Este verano, mi hija de catorce años se encuentra en Irlanda perfeccionando su inglés. Es una edad de inocencia, esa frontera difusa donde el mundo aún se percibe como un tablero de juego y no como un escenario hostil. El pasado sábado, tras regresar de una excursión, la realidad la asaltó en una parada de autobús. Un hombre en la cuarentena, de raza negra y procedencia ajena a cualquier estándar de integración europea, fijó en ella sus ojos. No fue un cruce fortuito fue una cacería. La siguió durante varias calles y se subió con ella al mismo autobús, la acosó con miradas lascivas y le susurró al oído frases que ninguna niña debería escuchar jamás, mientras mantenía una mano oculta y tensa en el bolsillo, insinuando una amenaza que no necesitaba ser verbalizada para resultar aterradora.

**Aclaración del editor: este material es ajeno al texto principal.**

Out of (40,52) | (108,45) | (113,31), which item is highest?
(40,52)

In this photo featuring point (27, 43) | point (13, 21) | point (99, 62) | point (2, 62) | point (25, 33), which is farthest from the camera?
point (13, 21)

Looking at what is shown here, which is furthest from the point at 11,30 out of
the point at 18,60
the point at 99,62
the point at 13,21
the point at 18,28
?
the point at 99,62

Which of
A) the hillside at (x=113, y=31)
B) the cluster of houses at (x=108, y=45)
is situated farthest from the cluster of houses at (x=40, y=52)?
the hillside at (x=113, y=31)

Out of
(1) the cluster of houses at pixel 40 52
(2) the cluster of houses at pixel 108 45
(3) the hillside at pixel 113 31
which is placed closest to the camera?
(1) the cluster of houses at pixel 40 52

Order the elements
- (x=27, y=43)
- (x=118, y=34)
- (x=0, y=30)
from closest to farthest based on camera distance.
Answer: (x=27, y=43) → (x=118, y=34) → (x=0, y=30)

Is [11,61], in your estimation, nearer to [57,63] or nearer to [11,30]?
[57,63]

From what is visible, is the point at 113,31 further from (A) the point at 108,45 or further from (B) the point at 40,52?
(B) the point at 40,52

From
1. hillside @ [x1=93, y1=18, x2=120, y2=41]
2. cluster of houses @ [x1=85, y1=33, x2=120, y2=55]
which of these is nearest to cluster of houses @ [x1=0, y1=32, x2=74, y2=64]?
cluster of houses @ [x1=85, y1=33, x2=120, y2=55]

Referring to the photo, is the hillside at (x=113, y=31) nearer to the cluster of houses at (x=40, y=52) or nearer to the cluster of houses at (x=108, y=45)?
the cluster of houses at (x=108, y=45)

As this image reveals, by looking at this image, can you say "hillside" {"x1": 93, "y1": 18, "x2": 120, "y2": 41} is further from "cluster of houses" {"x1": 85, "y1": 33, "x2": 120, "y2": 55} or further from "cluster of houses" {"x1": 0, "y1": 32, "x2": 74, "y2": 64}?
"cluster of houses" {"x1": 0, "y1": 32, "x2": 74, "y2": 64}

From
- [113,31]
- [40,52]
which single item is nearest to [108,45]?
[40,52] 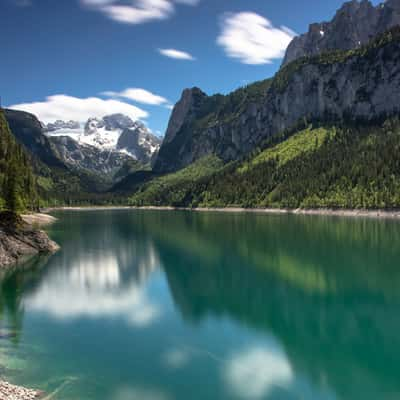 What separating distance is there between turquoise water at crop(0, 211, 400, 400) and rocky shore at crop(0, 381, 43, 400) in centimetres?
132

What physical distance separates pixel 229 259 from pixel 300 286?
23.9m


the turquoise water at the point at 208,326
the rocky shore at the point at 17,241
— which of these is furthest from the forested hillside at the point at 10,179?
the turquoise water at the point at 208,326

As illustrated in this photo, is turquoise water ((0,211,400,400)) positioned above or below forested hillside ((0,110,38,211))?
below

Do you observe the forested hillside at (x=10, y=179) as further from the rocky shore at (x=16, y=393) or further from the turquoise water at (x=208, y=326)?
the rocky shore at (x=16, y=393)

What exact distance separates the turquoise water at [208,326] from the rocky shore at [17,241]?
4.37 m

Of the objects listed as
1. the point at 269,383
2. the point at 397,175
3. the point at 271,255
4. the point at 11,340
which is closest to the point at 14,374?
the point at 11,340

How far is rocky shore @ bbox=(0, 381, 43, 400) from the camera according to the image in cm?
2247

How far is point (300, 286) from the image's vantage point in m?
54.2

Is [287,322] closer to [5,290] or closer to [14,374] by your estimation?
[14,374]

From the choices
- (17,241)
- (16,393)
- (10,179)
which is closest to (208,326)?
(16,393)

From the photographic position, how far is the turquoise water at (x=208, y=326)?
89.5 ft

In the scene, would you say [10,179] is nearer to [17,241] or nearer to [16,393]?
[17,241]

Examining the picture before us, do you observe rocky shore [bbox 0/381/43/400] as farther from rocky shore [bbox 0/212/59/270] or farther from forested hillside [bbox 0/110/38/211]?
forested hillside [bbox 0/110/38/211]

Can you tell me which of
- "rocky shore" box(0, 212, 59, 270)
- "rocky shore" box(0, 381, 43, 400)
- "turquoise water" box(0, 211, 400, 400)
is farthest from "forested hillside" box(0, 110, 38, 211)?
"rocky shore" box(0, 381, 43, 400) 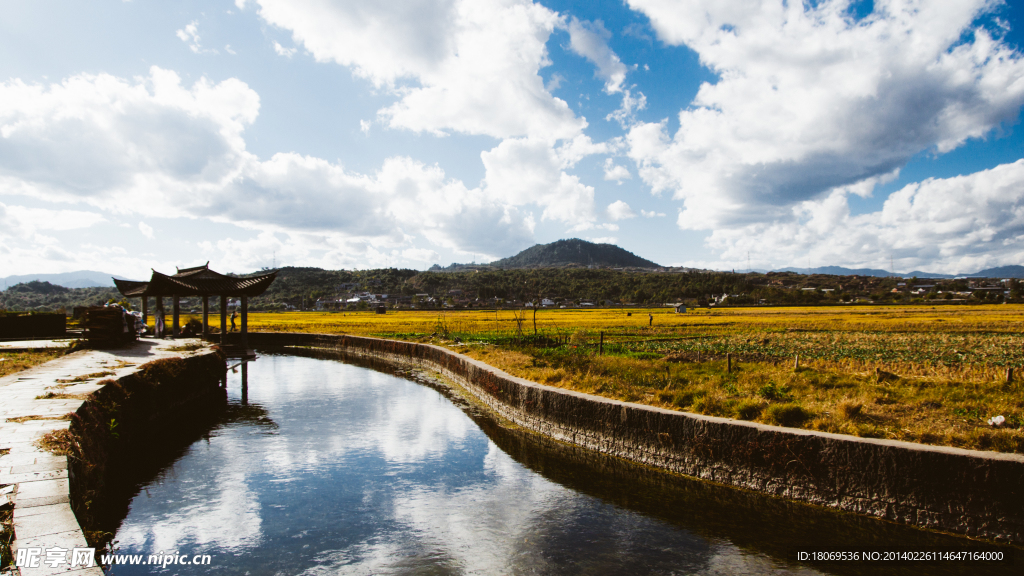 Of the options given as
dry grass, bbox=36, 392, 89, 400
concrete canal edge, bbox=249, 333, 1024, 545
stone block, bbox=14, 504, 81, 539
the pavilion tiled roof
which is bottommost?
concrete canal edge, bbox=249, 333, 1024, 545

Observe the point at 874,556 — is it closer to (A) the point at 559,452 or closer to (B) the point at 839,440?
(B) the point at 839,440

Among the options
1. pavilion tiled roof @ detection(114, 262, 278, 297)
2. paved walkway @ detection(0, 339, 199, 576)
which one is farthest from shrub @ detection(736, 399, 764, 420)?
pavilion tiled roof @ detection(114, 262, 278, 297)

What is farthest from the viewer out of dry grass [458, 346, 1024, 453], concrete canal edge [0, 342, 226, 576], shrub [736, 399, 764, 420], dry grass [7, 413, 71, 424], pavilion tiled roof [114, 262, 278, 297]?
pavilion tiled roof [114, 262, 278, 297]

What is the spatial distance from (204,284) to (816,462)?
2421cm

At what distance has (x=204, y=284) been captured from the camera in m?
22.9

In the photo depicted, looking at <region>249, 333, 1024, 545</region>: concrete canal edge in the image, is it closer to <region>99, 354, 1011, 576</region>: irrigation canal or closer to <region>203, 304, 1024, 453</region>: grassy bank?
<region>99, 354, 1011, 576</region>: irrigation canal

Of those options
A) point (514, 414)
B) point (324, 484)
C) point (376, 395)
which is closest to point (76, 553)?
point (324, 484)

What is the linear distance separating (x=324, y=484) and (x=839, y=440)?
7213mm

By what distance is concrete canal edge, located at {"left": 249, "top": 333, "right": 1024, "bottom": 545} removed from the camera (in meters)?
→ 5.34

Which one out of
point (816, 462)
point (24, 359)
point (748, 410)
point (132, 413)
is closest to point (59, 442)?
point (132, 413)

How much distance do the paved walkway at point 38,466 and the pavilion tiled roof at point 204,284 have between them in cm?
1157

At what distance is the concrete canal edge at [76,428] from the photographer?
3.81 m

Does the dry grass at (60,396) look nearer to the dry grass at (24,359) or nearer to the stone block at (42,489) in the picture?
the dry grass at (24,359)

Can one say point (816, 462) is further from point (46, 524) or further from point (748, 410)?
point (46, 524) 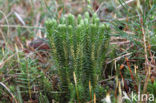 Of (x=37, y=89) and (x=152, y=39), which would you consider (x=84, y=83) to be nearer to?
(x=37, y=89)

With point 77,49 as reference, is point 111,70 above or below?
below

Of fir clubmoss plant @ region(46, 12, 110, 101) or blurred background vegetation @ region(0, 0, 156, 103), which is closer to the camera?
fir clubmoss plant @ region(46, 12, 110, 101)

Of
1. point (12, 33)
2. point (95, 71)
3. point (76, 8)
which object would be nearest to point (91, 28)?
point (95, 71)

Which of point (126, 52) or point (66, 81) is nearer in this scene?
point (66, 81)

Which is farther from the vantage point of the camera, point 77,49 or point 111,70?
point 111,70

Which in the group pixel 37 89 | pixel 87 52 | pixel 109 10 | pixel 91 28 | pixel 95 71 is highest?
pixel 109 10

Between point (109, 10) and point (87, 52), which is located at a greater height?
point (109, 10)

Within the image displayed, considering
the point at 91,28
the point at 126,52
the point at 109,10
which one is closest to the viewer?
the point at 91,28

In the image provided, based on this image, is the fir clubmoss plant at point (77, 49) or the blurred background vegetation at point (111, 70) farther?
the blurred background vegetation at point (111, 70)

Lo más sintomático de esta escena y que visibiliza el trauma individual en una categoría política y social, no es sólo el depredador. Es la parálisis del entorno. Sucedió ante los ojos de varios pasajeros que prefirieron mirar hacia el suelo del autobús antes que incomodarse con la realidad. Sucedió ante un conductor que, cuando una niña de catorce años le suplicó auxilio entre lágrimas, optó por la burocracia del silencio y la inacción. Si mi hija se salvó de formar parte de una crónica de sucesos irreversible fue únicamente porque la familia de acogida en Dublín esperó a pie de calle, interponiéndose entre la presa y el acosador.
Es inevitable que mi memoria, incómoda por cierto para los progres defensores de utopías multiculturales, conecte los puntos. Recordaréis la trágica imagen de la adolescente ucraniana que, en un autobús en Estados Unidos, fue cosida a puñaladas por un agresor de idéntico perfil ante la pasividad de unos testigos que prefirieron verla morir a intervenir. Mi hija comparte con ella rasgos físicos, pero sobre todo comparte la misma condición de vulnerabilidad frente a una tipología de delincuencia que Europa importa a millares bajo el mantra buenista de la solidaridad.
Hemos sobrepasado el momento de despojarnos de los eufemismos que nos debilitan. Hemos edificado una sociedad acomplejada que prefiere el suicidio cultural antes que ser tachada de intolerante. Si llamamos rubio al rubio, andaluz al andaluz y francés al francés, ¿en qué momento exacto nos convencieron de que señalar la raza o el origen de quien comete un delito es un acto de racismo? El lenguaje no es el problema; el problema es la tozudez de los hechos que el lenguaje intenta describir.
Las cifras de Eurostat, del Instituto Nacional de Estadística en España y de la Central Statistics Office de Irlanda no pueden opacar los relatos ni las subvenciones. En el caso español, el Ministerio del Interior y el INE arrojan una asimetría matemática que fulmina cualquier intento de equidistancia: los ciudadanos extranjeros representan ya el 12% de la población empadronada, pero sistemáticamente acaparan el 50% de las detenciones por agresiones sexuales con penetración. En el ámbito de las violaciones grupales, los estudios judiciales elevan esa participación muy por encima. No estamos ante una percepción subjetiva nacida del prejuicio; estamos ante una correlación directa entre la demografía de la inmigración y la degradación de la libertad de las mujeres.